» WHAT THE TASK REQUIRES: Leave the pictures out and transcribe every record exactly.

━━━━━━

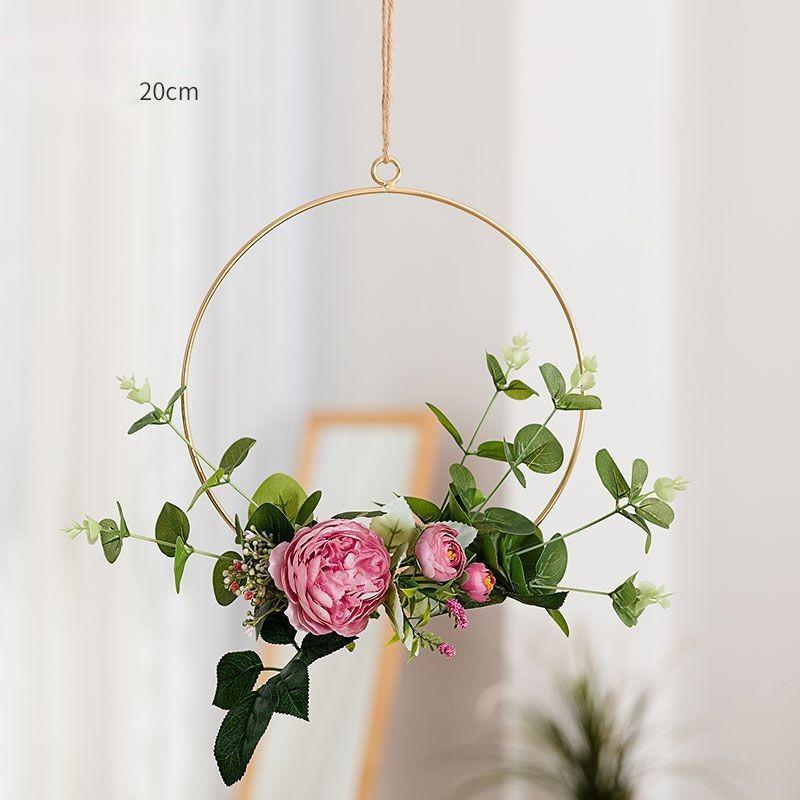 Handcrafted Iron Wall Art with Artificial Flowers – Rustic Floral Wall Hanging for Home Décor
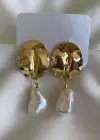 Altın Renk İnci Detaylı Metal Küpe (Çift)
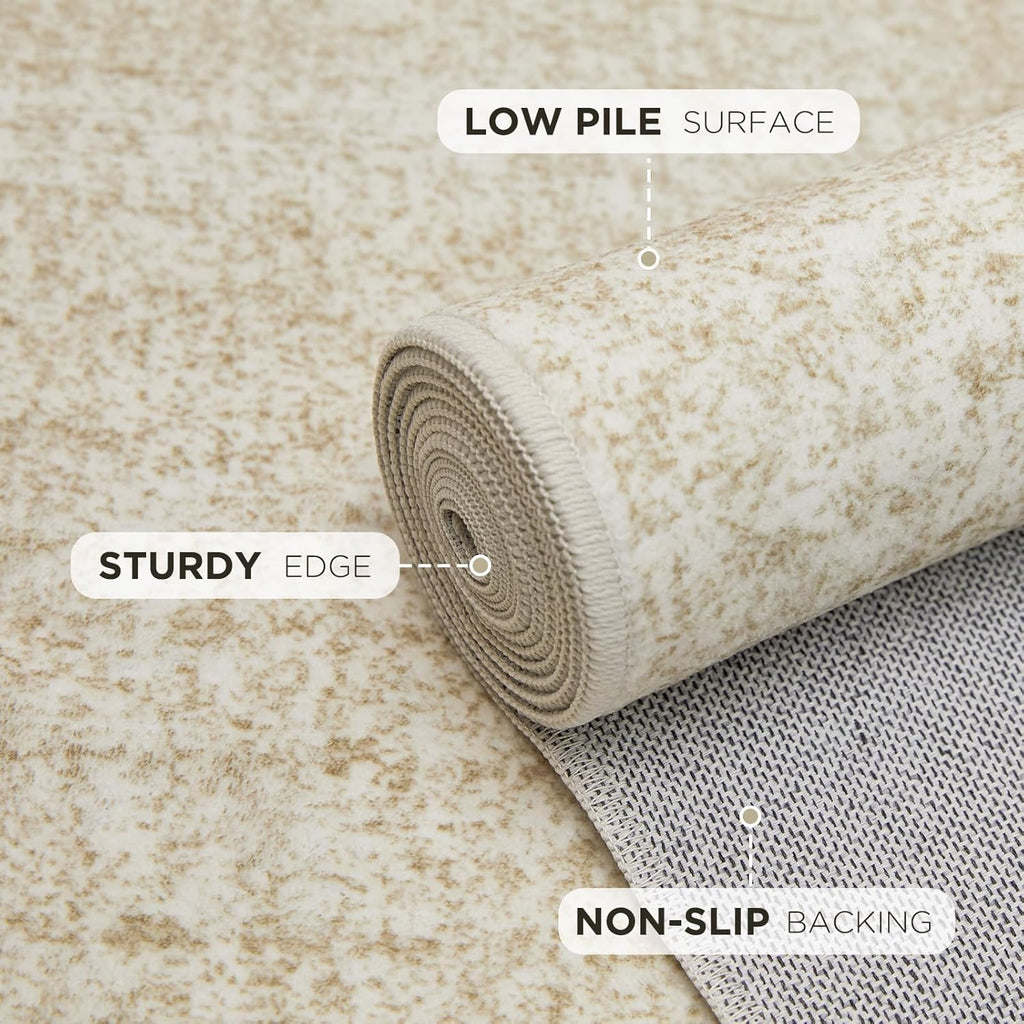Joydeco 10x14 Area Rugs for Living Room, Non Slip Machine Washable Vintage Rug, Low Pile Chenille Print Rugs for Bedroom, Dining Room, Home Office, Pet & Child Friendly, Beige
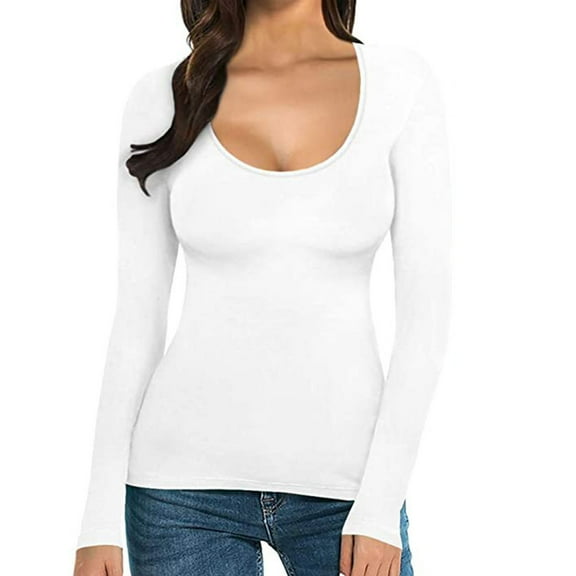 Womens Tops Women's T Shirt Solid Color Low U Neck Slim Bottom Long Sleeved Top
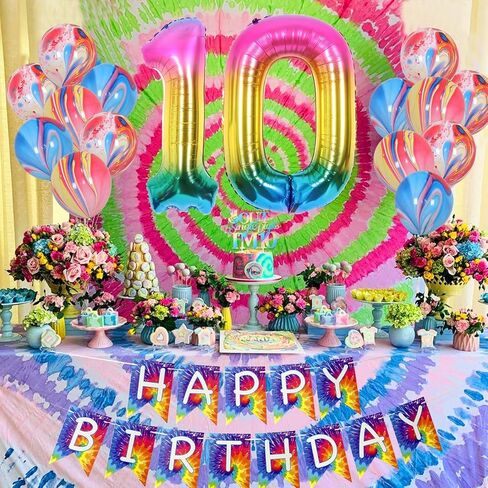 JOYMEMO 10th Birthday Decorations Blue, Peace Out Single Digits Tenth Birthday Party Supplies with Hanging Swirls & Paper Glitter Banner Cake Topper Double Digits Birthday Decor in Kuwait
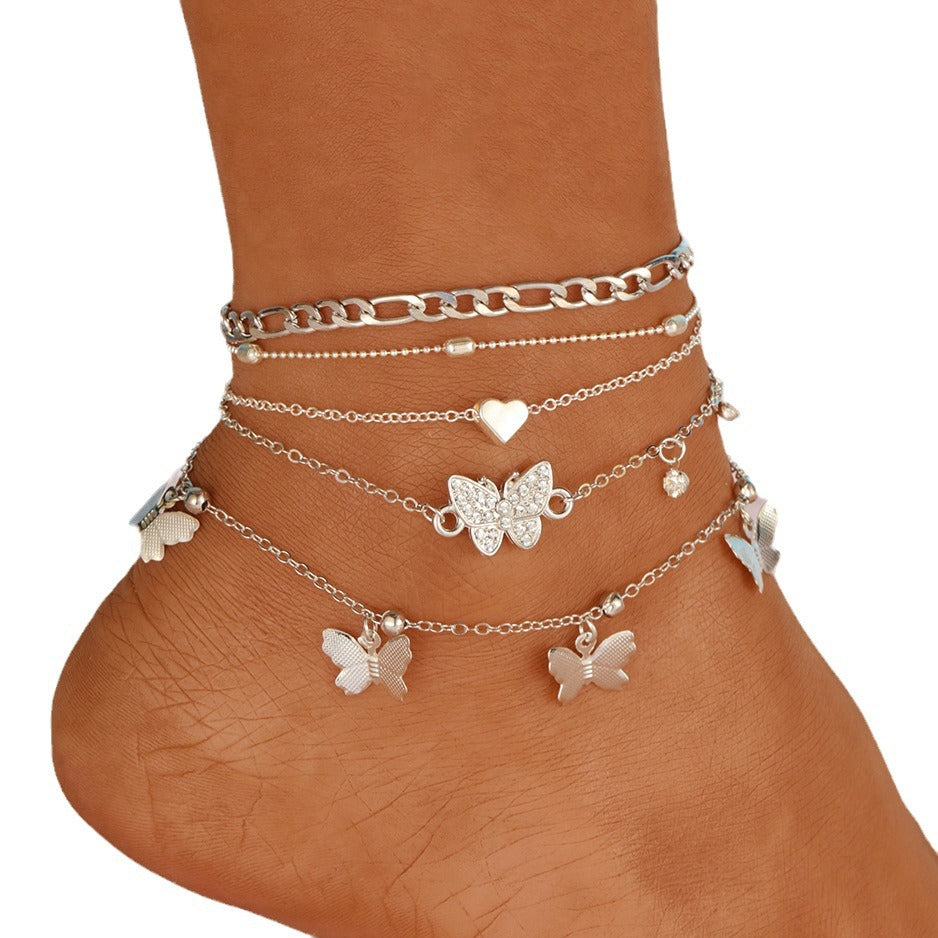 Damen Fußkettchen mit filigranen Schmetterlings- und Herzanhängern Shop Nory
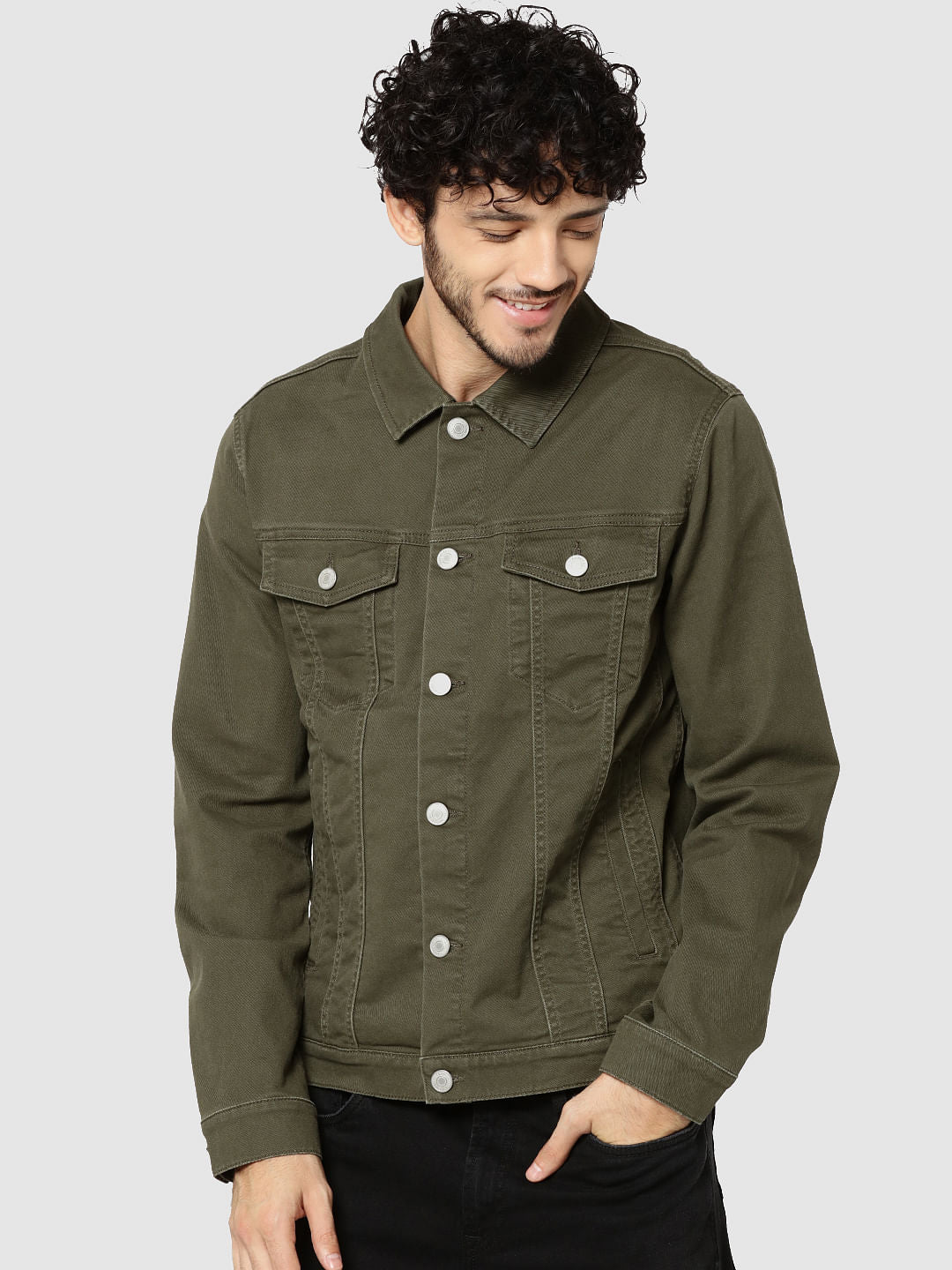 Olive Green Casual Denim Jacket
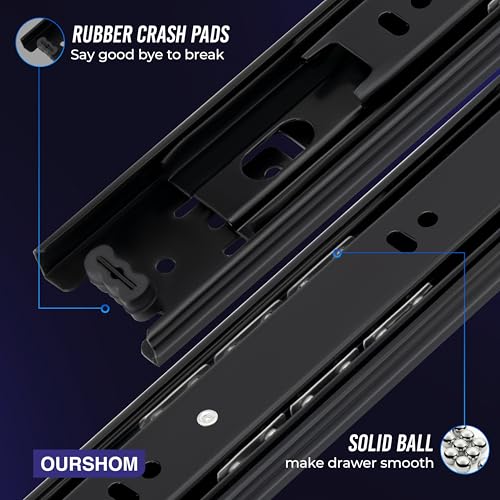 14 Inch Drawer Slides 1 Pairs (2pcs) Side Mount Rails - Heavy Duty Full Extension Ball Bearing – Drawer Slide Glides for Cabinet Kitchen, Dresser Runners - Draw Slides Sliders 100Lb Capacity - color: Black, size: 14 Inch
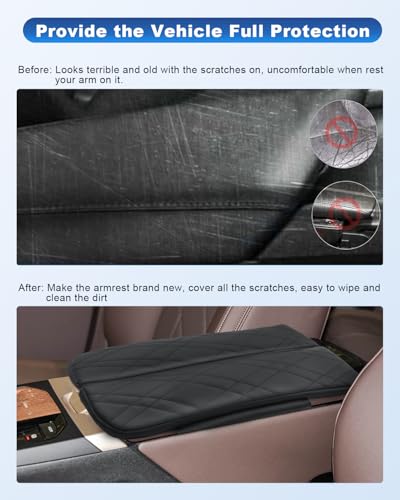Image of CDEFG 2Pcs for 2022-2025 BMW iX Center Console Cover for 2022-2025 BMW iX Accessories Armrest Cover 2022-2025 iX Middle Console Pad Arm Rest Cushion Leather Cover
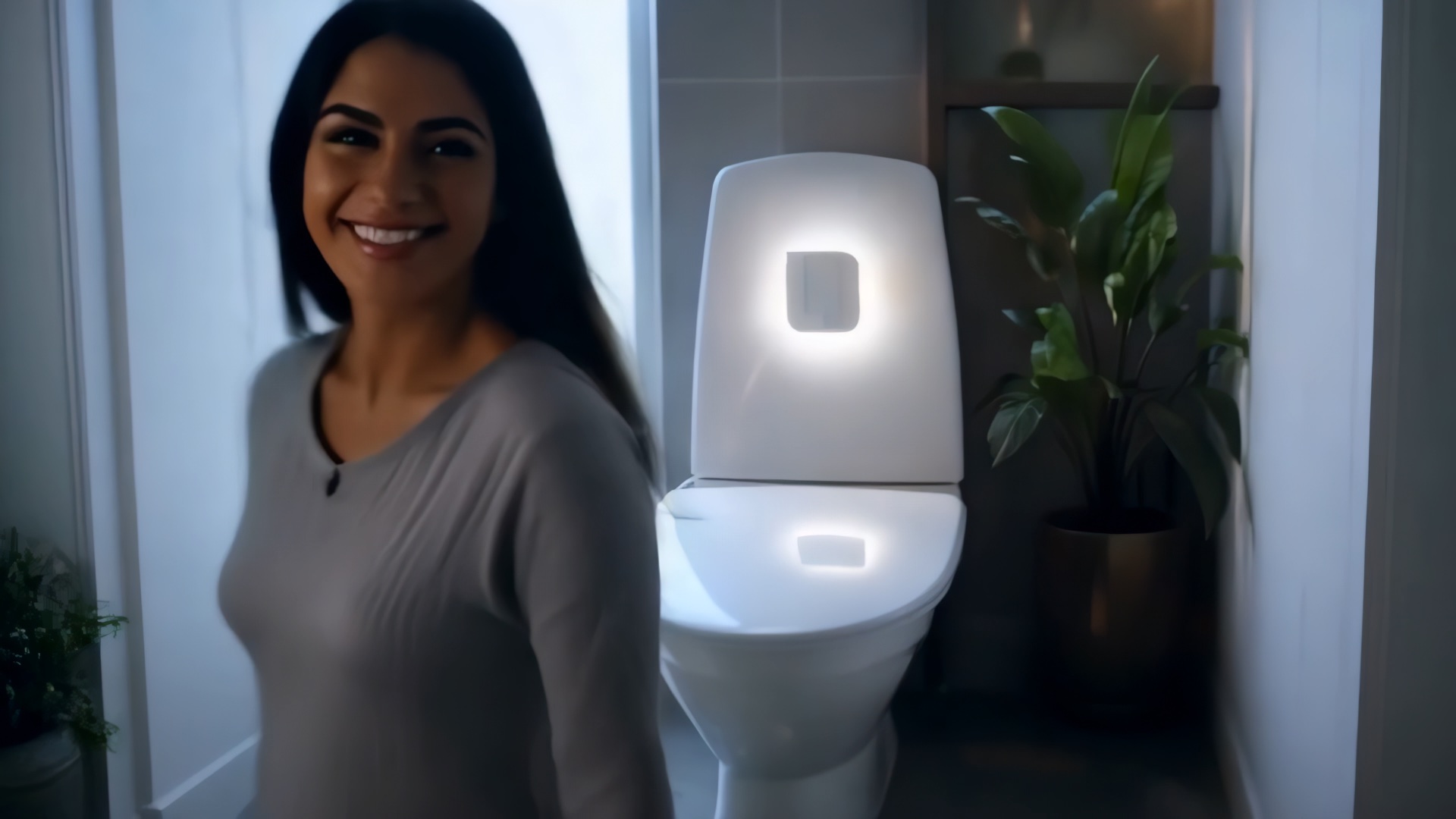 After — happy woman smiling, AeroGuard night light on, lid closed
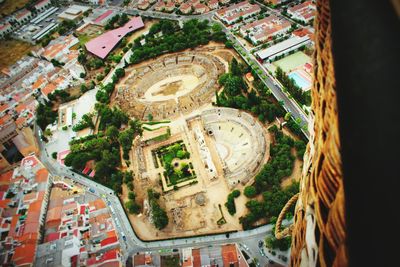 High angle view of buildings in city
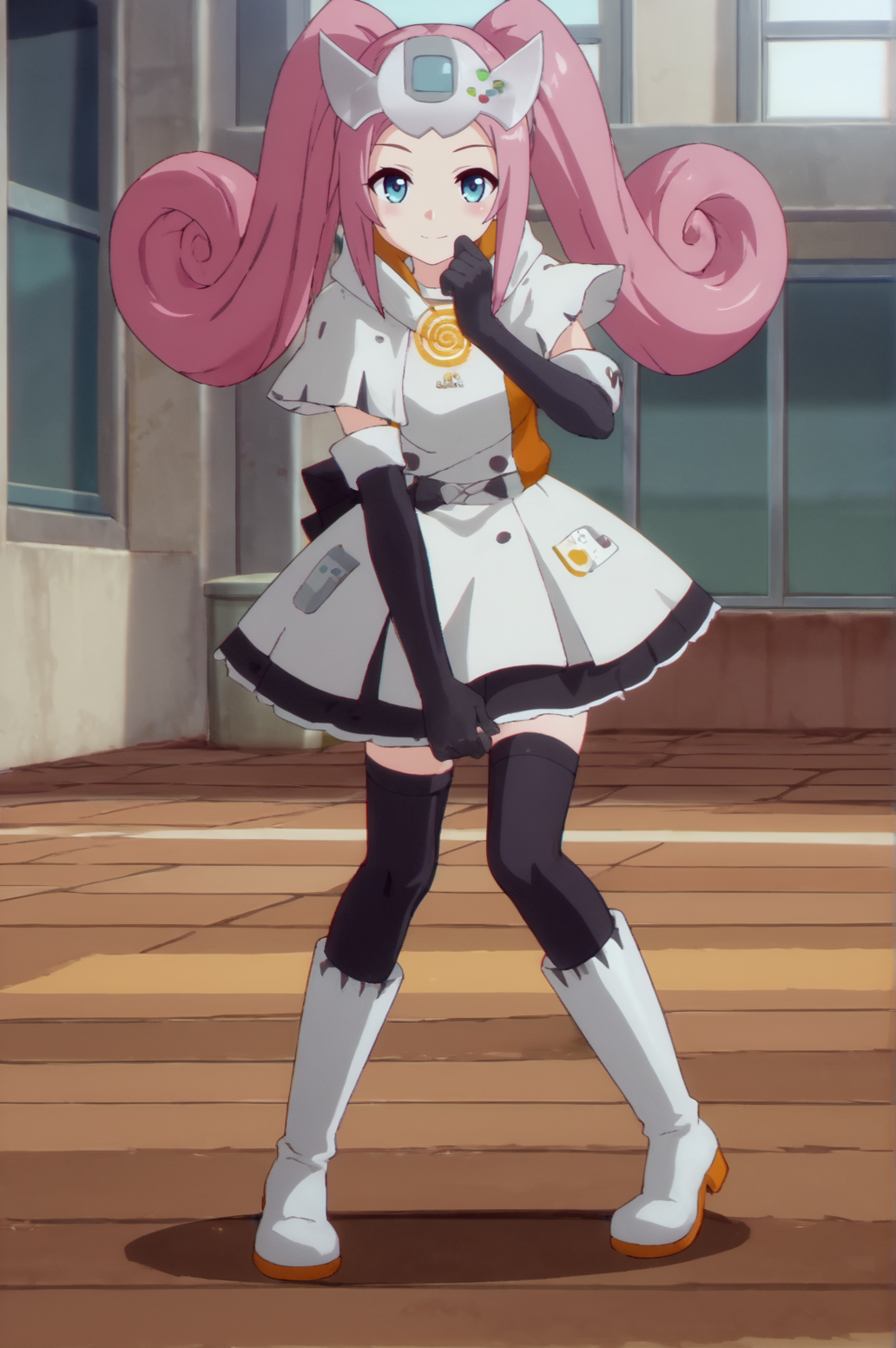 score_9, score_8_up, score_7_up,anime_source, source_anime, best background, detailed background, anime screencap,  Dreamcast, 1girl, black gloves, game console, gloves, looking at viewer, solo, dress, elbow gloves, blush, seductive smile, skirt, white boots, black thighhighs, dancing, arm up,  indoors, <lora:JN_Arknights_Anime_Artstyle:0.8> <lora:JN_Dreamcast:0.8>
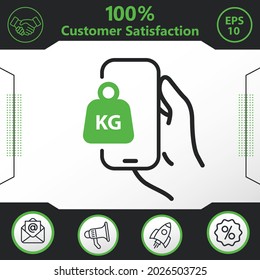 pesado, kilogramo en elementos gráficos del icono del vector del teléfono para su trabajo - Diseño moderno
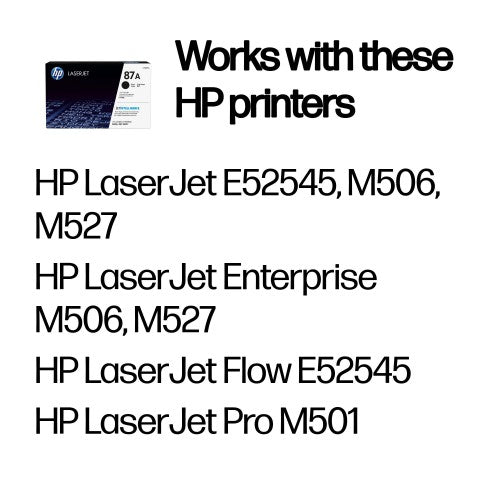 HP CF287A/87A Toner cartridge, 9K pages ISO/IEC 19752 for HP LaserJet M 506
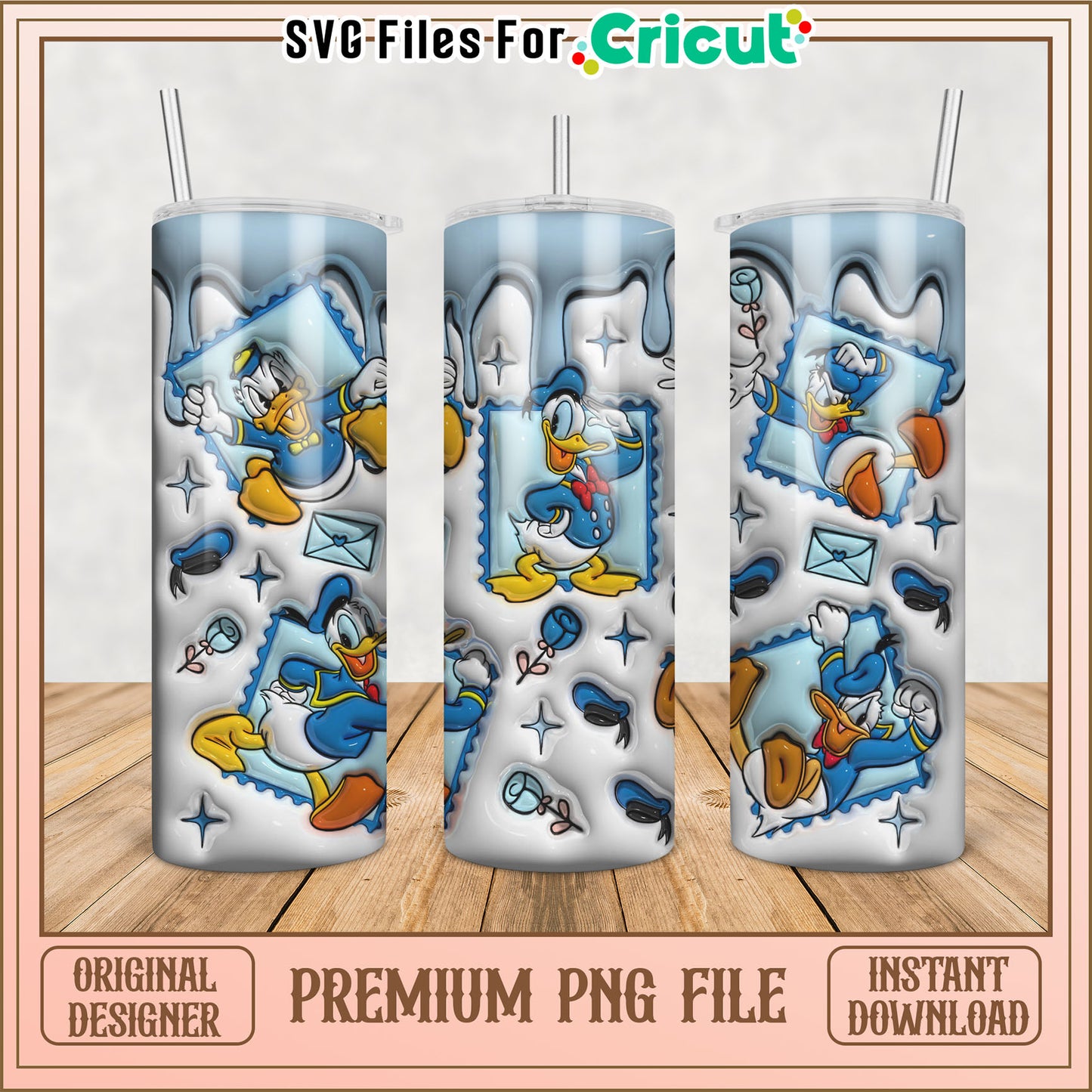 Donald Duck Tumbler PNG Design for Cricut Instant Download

━━━━━━

» TASK ANSWER:
 Handcrafted Iron Wall Art with Artificial Flowers – Rustic Floral Wall Hanging for Home Décor
 Altın Renk İnci Detaylı Metal Küpe (Çift)
Joydeco 10x14 Area Rugs for Living Room, Non Slip Machine Washable Vintage Rug, Low Pile Chenille Print Rugs for Bedroom, Dining Room, Home Office, Pet & Child Friendly, Beige
 Womens Tops Women's T Shirt Solid Color Low U Neck Slim Bottom Long Sleeved Top
 JOYMEMO 10th Birthday Decorations Blue, Peace Out Single Digits Tenth Birthday Party Supplies with Hanging Swirls & Paper Glitter Banner Cake Topper Double Digits Birthday Decor in Kuwait
 Damen Fußkettchen mit filigranen Schmetterlings- und Herzanhängern Shop Nory
 Olive Green Casual Denim Jacket
 14 Inch Drawer Slides 1 Pairs (2pcs) Side Mount Rails - Heavy Duty Full Extension Ball Bearing – Drawer Slide Glides for Cabinet Kitchen, Dresser Runners - Draw Slides Sliders 100Lb Capacity - color: Black, size: 14 Inch
Image of CDEFG 2Pcs for 2022-2025 BMW iX Center Console Cover for 2022-2025 BMW iX Accessories Armrest Cover 2022-2025 iX Middle Console Pad Arm Rest Cushion Leather Cover
 After — happy woman smiling, AeroGuard night light on, lid closed
 High angle view of buildings in city
 score_9, score_8_up, score_7_up,anime_source, source_anime, best background, detailed background, anime screencap,  Dreamcast, 1girl, black gloves, game console, gloves, looking at viewer, solo, dress, elbow gloves, blush, seductive smile, skirt, white boots, black thighhighs, dancing, arm up,  indoors, <lora:JN_Arknights_Anime_Artstyle:0.8> <lora:JN_Dreamcast:0.8>
 pesado, kilogramo en elementos gráficos del icono del vector del teléfono para su trabajo - Diseño moderno
 HP CF287A/87A Toner cartridge, 9K pages ISO/IEC 19752 for HP LaserJet M 506
 Donald Duck Tumbler PNG Design for Cricut Instant Download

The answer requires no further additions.